┌─ Excerpted data
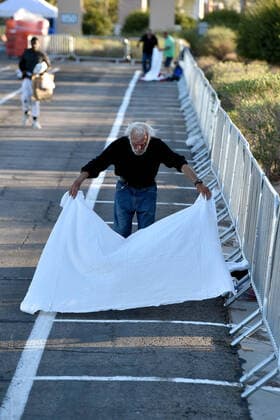 April 1, 2020 - Las Vegas, Nevada, U.S. - A man prepares a place to sleep in an area marked by painted boxes at a temporary homeless shelter set up in a parking lot at Cashman Center amid the coronavirus pandemic on April 1, 2020, in Las Vegas, Nevada. Local officials opened the makeshift shelter after another local shelter closed when a homeless man staying there tested positive for the coronavirus. Las Vegas USA - ZUMAbk3_ 20200401_zaf_bk3_004 Copyright: xDavidxBeckerx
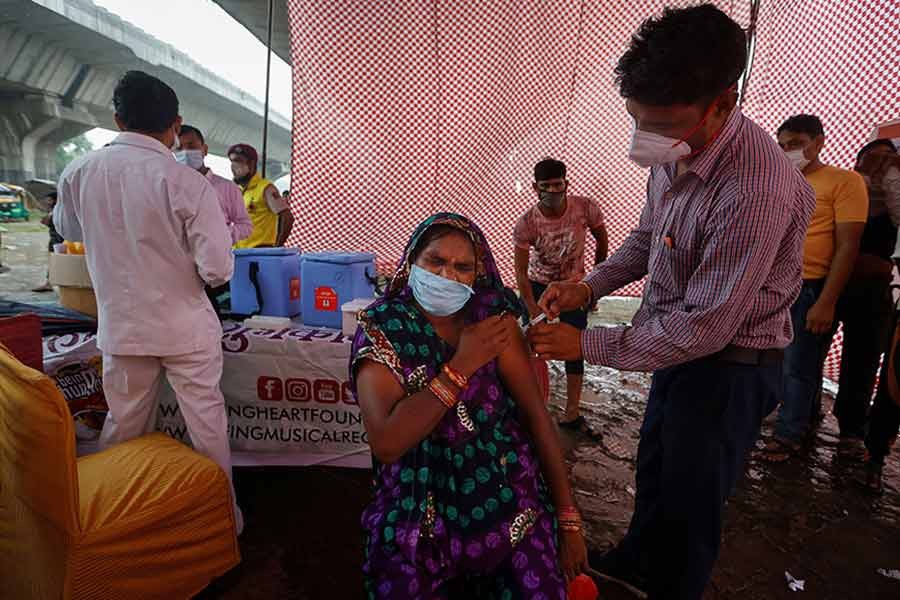 A woman receiving a dose of COVAXIN coronavirus disease (COVID-19) vaccine at an under-construction flyover in New Delhi of India on August 31 this year –Reuters file photo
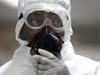 FILE - In this Aug. 4, 2014, file photo, a Nigerian health official wearing a protective suit waits to screen passengers for the Ebola virus at the arrivals hall of Murtala Muhammed International Airport in Lagos, Nigeria. Six months into the biggest-ever Ebola outbreak, scientists say they’ve learned more about how the potentially lethal virus behaves and how future outbreaks might be stopped. The first cases of Ebola were reported in Guinea by the World Health Organization on March 23 before spreading to Sierra Leone, Liberia and elsewhere. (AP Photo/Sunday Alamba, File)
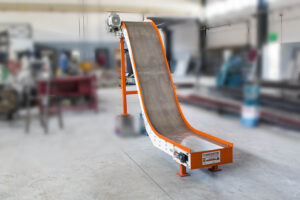 An incline magnetic conveyor system in a factory setting, designed to efficiently transfer sharp steel items and materials between manufacturing cells.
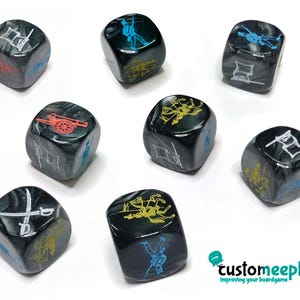 Puede incluir: Una colección de ocho dados de color gris oscuro con ilustraciones blancas, amarillas, rojas y azules. Cada dado presenta diferentes imágenes, incluyendo un cañón, un soldado y espadas cruzadas. Los dados están diseñados para juegos de mesa.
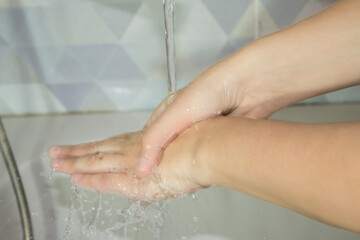 To wash hands. Wash your hands under the tap. Female hands close-up under running water in the bathroom. Hygiene, cleanliness, coronavirus, virus, health, medicine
└─
Exercise for the records above: copy only the lines from the one with "FILE - In this" to the one with "An incline magnetic", both ends kept, and drop the pictures.

__Answer area__
 FILE - In this Aug. 4, 2014, file photo, a Nigerian health official wearing a protective suit waits to screen passengers for the Ebola virus at the arrivals hall of Murtala Muhammed International Airport in Lagos, Nigeria. Six months into the biggest-ever Ebola outbreak, scientists say they’ve learned more about how the potentially lethal virus behaves and how future outbreaks might be stopped. The first cases of Ebola were reported in Guinea by the World Health Organization on March 23 before spreading to Sierra Leone, Liberia and elsewhere. (AP Photo/Sunday Alamba, File)
 An incline magnetic conveyor system in a factory setting, designed to efficiently transfer sharp steel items and materials between manufacturing cells.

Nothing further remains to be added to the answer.